[PYTHON] [Unexpectedly known? ] Introducing a real day in the data analysis department

Introduction

This article is written for those who want to work as a data analyst or data scientist, especially in the data department of a business company. Also, many people who do not know ** what kind of day the people in the data department in the company are spending **. I think that the so-called data department is often inconspicuous within the company due to the nature of work, so I would appreciate it if you could take this opportunity to learn about it. スクリーンショット 2020-06-19 13.54.12.png

What you can get from this article

** ① You can know the real day of a person who makes a living in data analysis ** ** ② You will be able to sympathize with the worries of people in the data department of the company.

Why write this article

Before I was 30 years old, I changed from a non-IT industry to a data analyst, but until I changed jobs, I didn't know much about the specific work and daily routines of data handling work.

Of course, if you google, you will see articles like "I work like this. The schedule for the day looks like this" as a model case for data analysts. I wanted to know "the specific work content and how the person is working", but the model case lacked reality, so it was not very helpful.

Then, I came up with the idea that if an active data analyst spells out a real life, it might be of some help to someone.

Let's read on now!

What is a data analyst in the first place?

A data analyst is a profession that specializes in phases such as data processing and status analysis. We analyze the collected big data to find out user behavior, regularity, future needs, and so on. After that, the main job of the data analyst is to formulate hypotheses, propose problem-solving methods, and use them to improve the services provided. It is also the role of the data department to make the entire company aware of the value of data utilization and create a data-driven culture.

In practice, there are days when we just aggregate, some days when we just create dashboards, and sometimes we do machine learning modeling.

So what kind of day are you actually spending? I would like to introduce a day of a data analyst.

A day of a data analyst

08:30 Commuting

When you can afford it, it's time to read. On days when I can't afford it, I go to work while listening to music. SNS check is the minimum necessary. If you put a lot of information in your head here, it will make your work inefficient in the morning, so moderately.

09:00 slack notification confirmation

Check for daily table updates in BigQuery. We have a mechanism to notify slack of success or failure of table update every day, and if it fails, mention will fly. "No abnormality today!" In the unlikely event that the table update fails, we will immediately investigate the cause. In that case, the scheduling of the day changes, so I'm thrilled. Therefore, it is my daily routine to check before going to work.

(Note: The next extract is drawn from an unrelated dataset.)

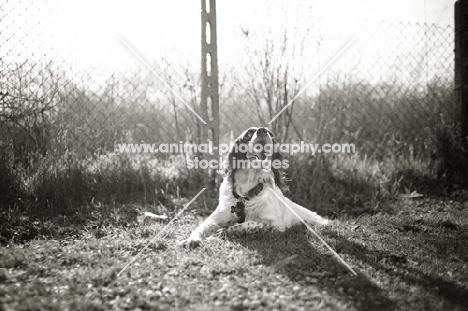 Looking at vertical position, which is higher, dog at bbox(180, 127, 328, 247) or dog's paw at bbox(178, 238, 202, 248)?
dog at bbox(180, 127, 328, 247)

10:00 Check the SLO dashboard

This is the job I do in the morning. Check the slo dashboard. スクリーンショット 2020-06-18 13.34.42.png

SLO refers to the basis / target value that a service provider can actually provide a service to a user.

Today, the success rate of a service was extremely low, so I decided to investigate it.

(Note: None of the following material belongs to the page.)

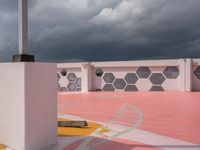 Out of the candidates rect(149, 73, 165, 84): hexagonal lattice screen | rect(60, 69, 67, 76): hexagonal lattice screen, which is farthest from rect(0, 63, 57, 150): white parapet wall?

"Somehow the success rate is very low today, why ?!"

11:00 Morning assembly

Since my team has 3 people, the usual 3 people check the tasks of the team in a day. First of all, share that there was an abnormal value on the dashboard. The team leader will report to the current manager. By the way, today's business content is ①Dashboard outlier investigation (2) Data set creation for analysis (today's main task) ③Brainstorming for policy planning "I have to finish the high-priority ① as soon as possible. The data set for analysis is the one who writes the query, so let's do it in the afternoon."

11:30 Dashboard outlier investigation

Investigate why dashboard outliers are occurring. I will investigate by hitting the query earnestly. After investigating for about 30 minutes, it turned out that the number was 0 only for a specific version of a specific service. Immediately after confirming with the relevant department, it was said that the specifications of log data had changed recently. Since the cause was identified, the response policy was summarized and reported to the manager. "I am relieved because the cause can be identified and there is a prospect of recovery in the afternoon."

If you do not perform such maintenance and leave the wrong numbers appearing, the dashboard may lose credibility and gradually become invisible to members of the company. Therefore, it is necessary to pay attention to the maintenance and operation of the dashboard.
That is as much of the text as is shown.